Sen. Alberta Darling (R-River Hills), the co-chairwoman of the Joint Finance Committee, said Senate Republicans would be unlikely to support the Walker administration's request. That's because the governor has cut bonding in other areas but hasn't been willing to address the persistent funding gaps in the state's road fund that are driving up borrowing in that area, she said.

"We're in a very tight box, and the governor has put us in this box," Darling said.
But there’s a simple answer to help Bertie Dahh-ling avoid extra borrowing and allow Scott Walker to keep his Road Builder supporters happy, and it won't even involve raising taxes or fees. Just use the money that’s already there.

I alluded to this last week, and if you look at the Appendix of the recently-released Annual Fiscal Report for the state of Wisconsin, you’ll see the Transportation Fund’s balance sheet on Pages 4 and 5. Then compare those numbers to the projections in the State Budget for 2015-17.
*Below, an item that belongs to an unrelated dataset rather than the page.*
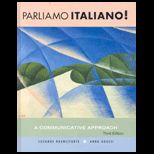 Parliamo Italiano   With 2 CDs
Wisconsin Transportation Fund
Projected starting balance, 2015-17 $63.8 million
Actual ending balance FY 2014-15 $203.8 million
Amount above 2015-17 budget projection $140.0 million

So my question is simple. Why can’t we use that extra $140 million as cash to pay for projects, which means some of these delays on projects can be removed, and we’re not borrowing from the General Fund to do it? This seems like an win-win all around, buys some time for next year to see if things improve further, and wouldn’t put the Transportation Fund in a further hole for the 2017-19 budget (since the ending balance is the same as projected).
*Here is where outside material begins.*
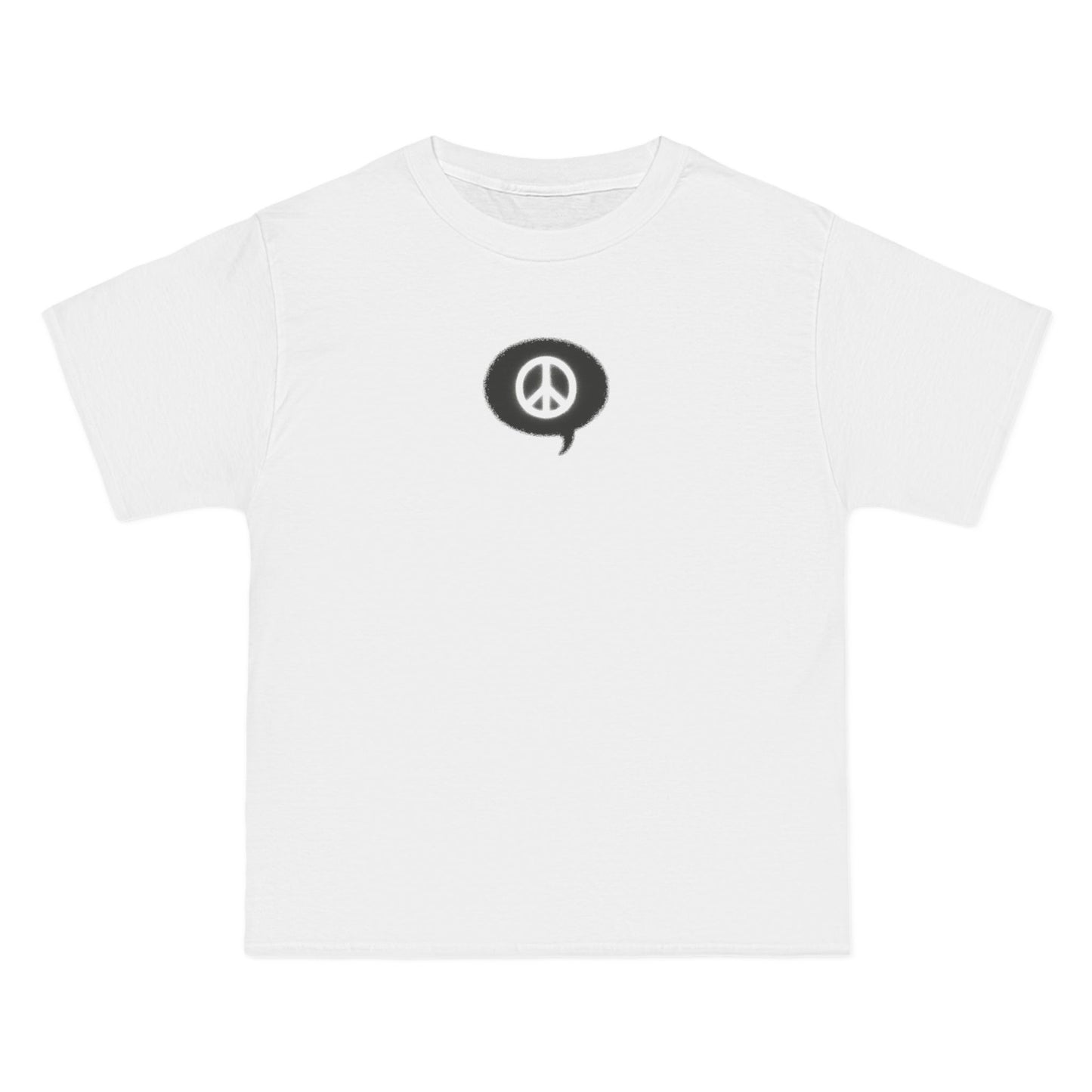 Peace Communication Tee - Real Experience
All it would take is a bill approved by the Joint Finance Committee and the State Legislature to do so. And with 2016 elections looming, you’d think this would be the type of “getting things done without kicking the can down the road” action that would be approved of on both sides of the aisle.

Is this just too easy, or am I missing something here?

1 comment:

  1. Wisconsin roads are ranked 3rd worst in the nation.

    Did Alberta "Dahling" misread the headline?

    Did she read the headline and say "yay, we're number 3!"

    I am tired of driving over potholes and cheap fix asphalt patches that only last half a year.

    Why won't she just pay to fix the damned roads?

    Or is there some secret society of auto repair places giving them money to keep crap roads in Wisconsin so they can gouge citizens for auto repair?